04 January 2008

The right to bear machetes

Several weeks before the Kenyan election, a curious story by Charles Onyango-Obbo in The East African (Nairobi) reported: "A leading supermarket in Kenya has slapped an embargo on large sales of machetes, or pangas as they are popularly known around East Africa."

He went on to say, somewhat alarmingly:

The panga moratorium follows reports that unusually large numbers were being bought, and there were fears they would be used to hack political rivals to death during elections.

As an East African, the surprising thing about this was that the story did not make newspaper broadcast headlines until police intercepted a car with government number plates carrying a rich mix of pangas, bows and arrows, and rungus (clubs).

In Rwanda and Uganda, the story would have been bigger and stayed alive for days because, for historical reasons, machetes evoke a particularly frightening spectre of violence.

Then he goes on to tell what he has seen, having been an eye-witness shortly after events in those other places — and his tone gets quite unreasonable.

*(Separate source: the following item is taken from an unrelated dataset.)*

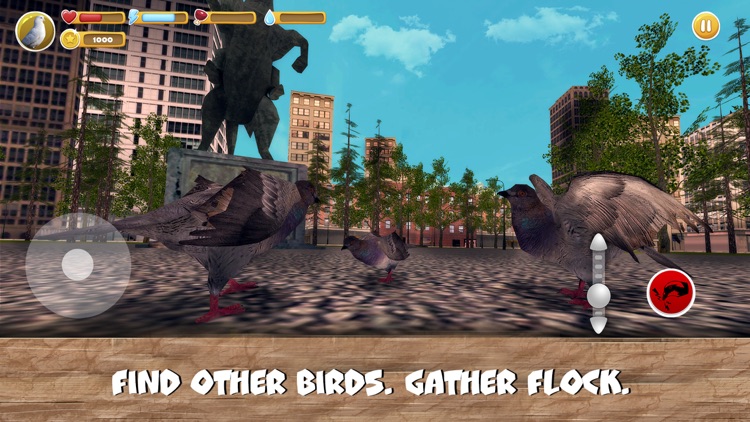 City Birds Simulator Full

I didn't tell you the title of the article, but it sums up his paranoia:

Beware the Machete , Kenyans. It Commits Murder Most Intimate

Today there's an opinion piece in The Monitor (Kampala) by the wonderfully named John Smith, which refers twice to the previous article by saying, first, "the Kenyan press warned the public a few weeks back that some people were buying large quantities of machetes from supermarkets prior to the elections." – and next, "Coming back to the fact that the Kenyan press warned the public a few weeks ago about large quantities of machetes being purchased from supermarkets, I would like to ask the question, is the world falling into Oginga's trap?"

Smith ignores the information in the previous article about the government's own pre-election preparations. But in other respects, he is much more a man of the real world than that wimp, Onyango-Obbo. Smith doesn't condemn the machete. He targets the opposition leader.

For, as the National Machete Association says: It's not machetes that kill people. It's people that kill people.